The Libyan people deserve support in overthrowing their tyrant and protection against his threats of retaliation and further repression, absolutely. But why do the people of Bahrain, Syria and Yemen apparently deserve less from the governments of the West? Is it just that their despots are perceived to wear a slightly less alarming face? Will the intervention in Libya do all that humanitarians wish for it to do? How full hearted is the West’s support for this unprecedented ‘Arab Spring’?
Some attempts to answer these and more questions:
Abdel al-Bari Atwan in The Guardian:
Welcome though it seems on humanitarian grounds, there are six serious problems with this UN resolution
Andrew Rawnsley in The Observer:
The durability of the international coalition behind the Libyan intervention will be tested in the crucible of conflict
Issandr El Amrani at The Arabist:
A tragedy has been taking place in Libya, whose people deserve help, but that doesn’t mean not thinking through consequences.
Please treat this as a new open thread on the conflicts.
Categories: crisis, ethics & philosophy, media, Politics
I know 2/3rds of SFA about this stuff, but talking to someone who does (admittedly with some RWDB tendencies) and they said that intitially The West couldn’t intervene because Gaddafi is the acknowledged leader of Libya and is entitled to react against an armed uprising in his country.
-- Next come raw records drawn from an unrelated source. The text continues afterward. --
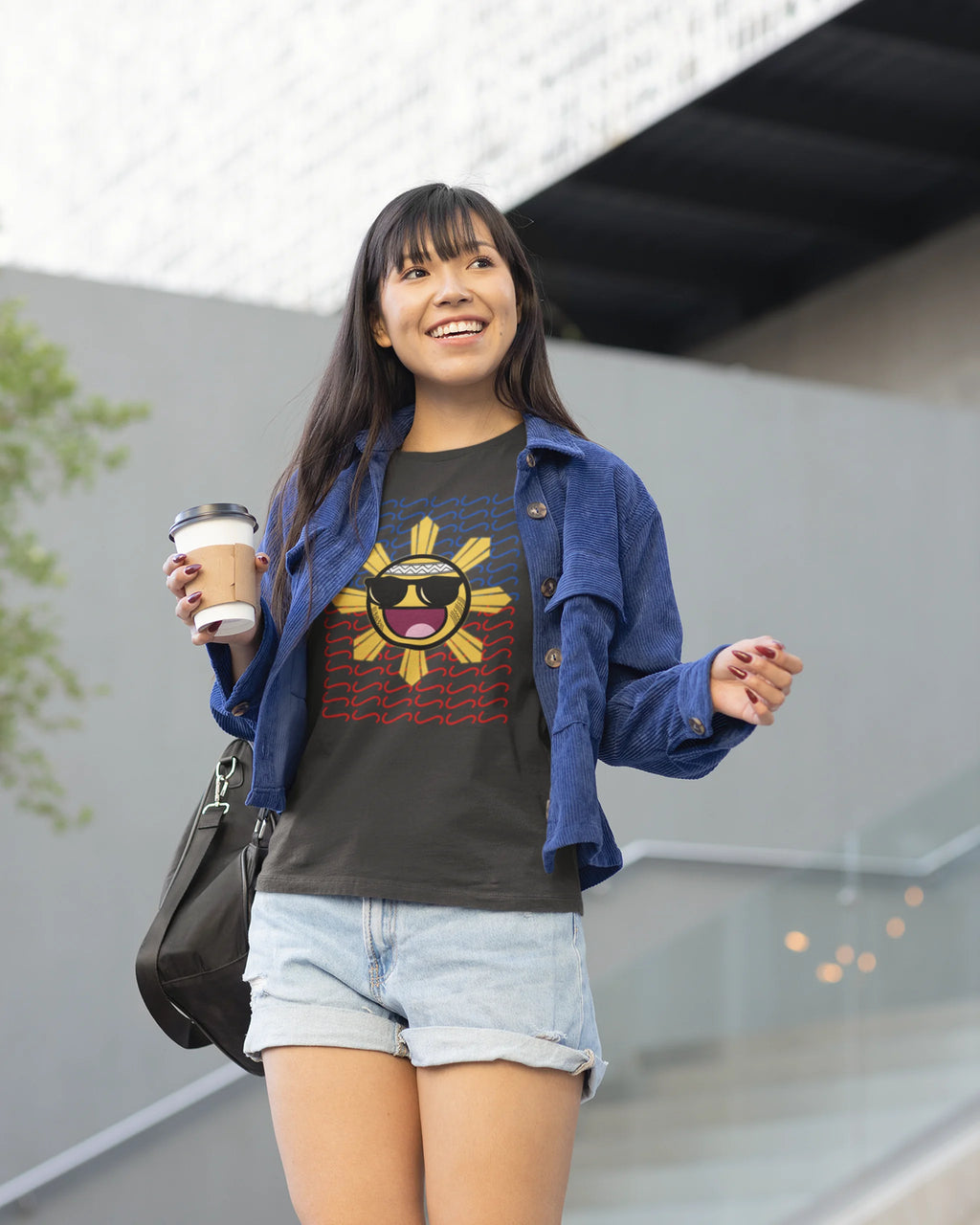 Woman holding a latte in a Baybayin t-shirt, casual filipino streetwear with a smiling sun graphic.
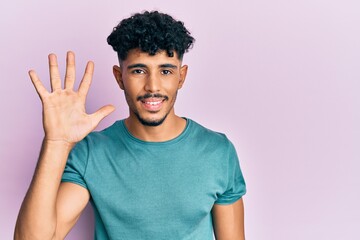 Young arab handsome man wearing casual clothes showing and pointing up with fingers number five while smiling confident and happy.
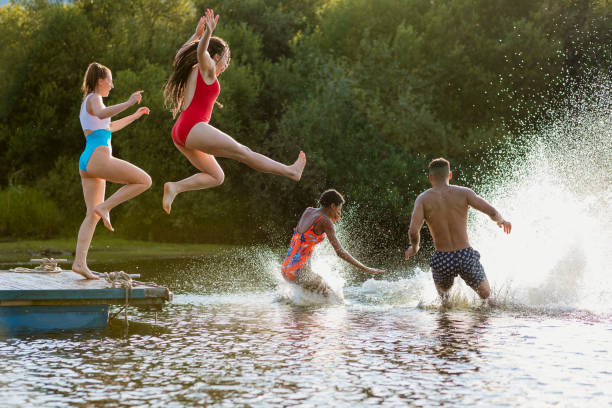istock Young Friends Running and Jumping off a Jetty into a Lake 1176776184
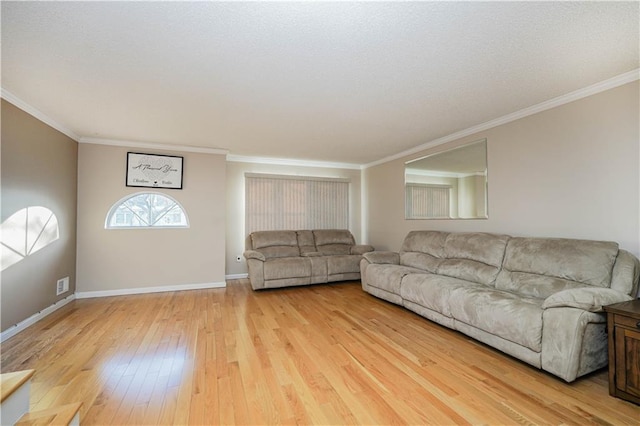 unfurnished living room with light hardwood / wood-style floors and ornamental molding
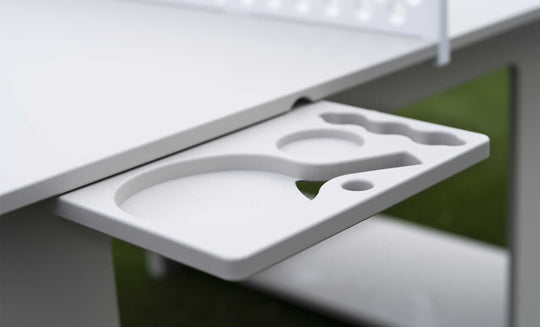 A close-up shows the Ledge Lounger Table Tennis Set holder attached to a table, featuring slots for two paddles and several balls. The grassy, blurred background enhances its outdoor entertainment appeal.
Then he started bombing civilians and that apparently was the trigger for the UN to do something. Whether that will mean any less bloodshed or loss of life in the end is yet to be seen.
I don’t know if this is the case in the other countries.
If there’s just one lesson out of Afghanistan/Iraq its have only one war at a time. Who knows how the situation in Libya will escalate, nor how long it will last. I hope Gaddafi voluntarily steps down soon, but I wouldn’t be too surprised if it ends up in a stalemate and a decade on there’s still a NFZ being enforced.